Stock and bond markets continued to sell off in April and early May amid heightened volatility as investors grapple with a new central bank regime ushered in by Europe’s highest inflation rates. era of inflation targeting, RBC Economics said in its Financial Markets Monthly on Wednesday. .
Gone, RBC said, was the cautious approach to monetary policy seen over the past decade, with central banks raising rates to post-financial crisis (BoE) highs for the first time in a decade (RBA and soon the ECB), or go for the biggest single-meeting hikes in over 20 years (Fed and BoC). He added: “Markets are hoping these moves will continue, with central banks driven to raise rates to a more neutral stance or even beyond – something we haven’t seen in the last cycle – as the urgency to fight inflation is growing.”
RBC noted that the latest round of consumer price data provided more upside surprises – the largest yet in some of the countries tracked by the bank – while falling jobless rates and rising wages suggest that domestic price pressure will provide a floor for inflation even if global factors begin to ease.

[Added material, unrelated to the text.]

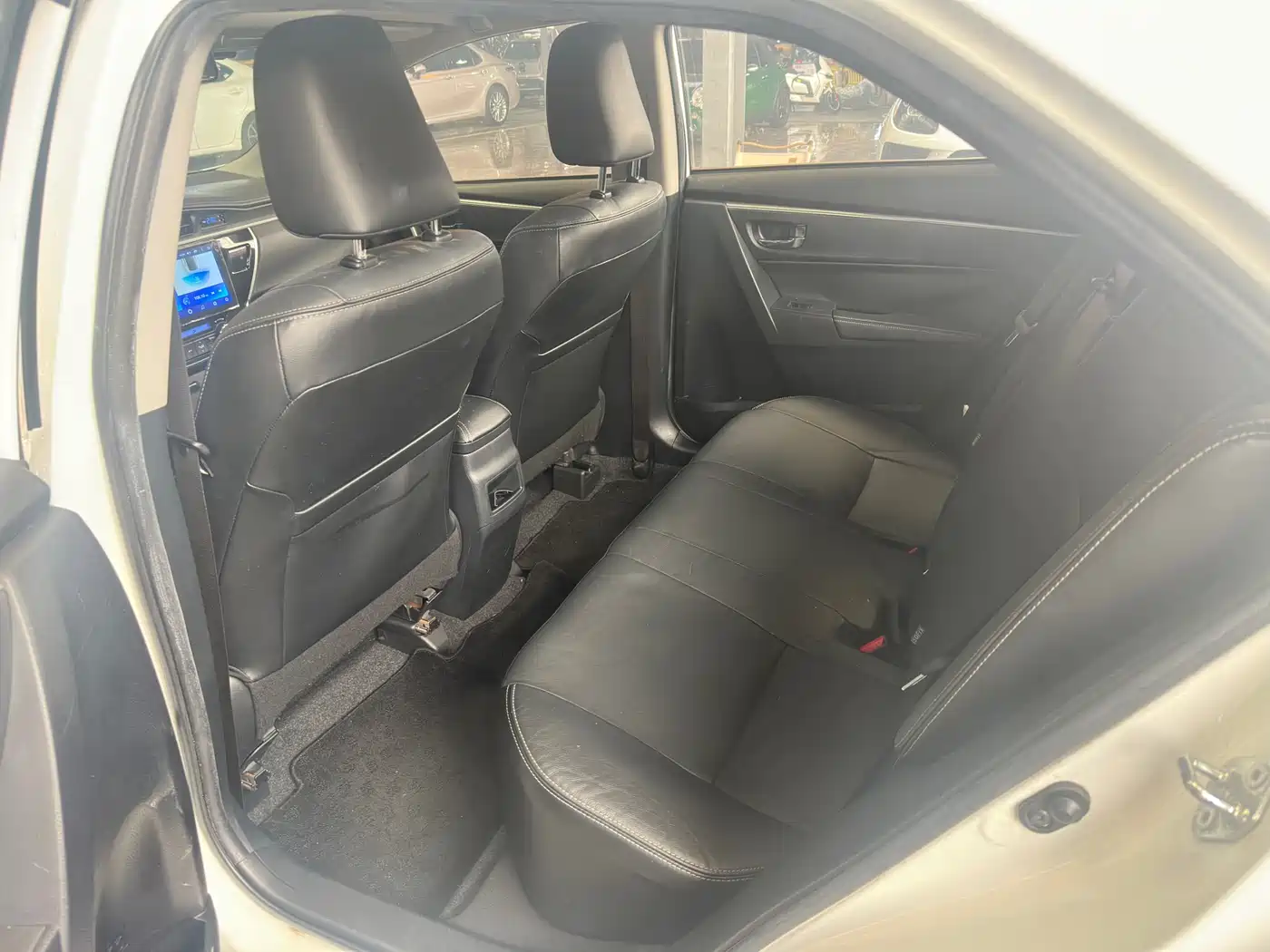 Toyota Corolla 2014 1.8L CVT GLX-i фото 16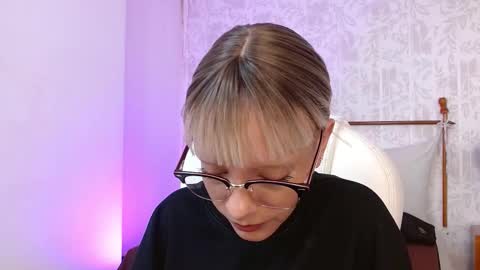 Peyton online show from December 2, 3:27 am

The RBC Economics team said it found itself revising its central bank’s forecast upwards, both accelerating the previously expected pace of tightening and raising terminal rates for this cycle. But they maintained the view that in most jurisdictions market prices are “too aggressive”, particularly in 2023, as concerns about late-cycle growth and rising inflation to slow down will eventually lead policy makers to tone down their warmongering attitude. “For now, however, everything is moving forward as central banks seek to remove stimulus measures and put monetary policy in a framework more appropriate to current economic conditions.”
RBC expects more 50 basis point hikes from the Fed and BoC, steady increases from the RBA, a few more BoE hikes and the start of the ECB’s tightening cycle after eight years of negative interest rate policy. He said: “If we are correct that market prices for rate hikes are stretched, we should see yields stabilizing around current levels with some retracement towards 2023. But if recent trends are any indication , the road might be bulge.”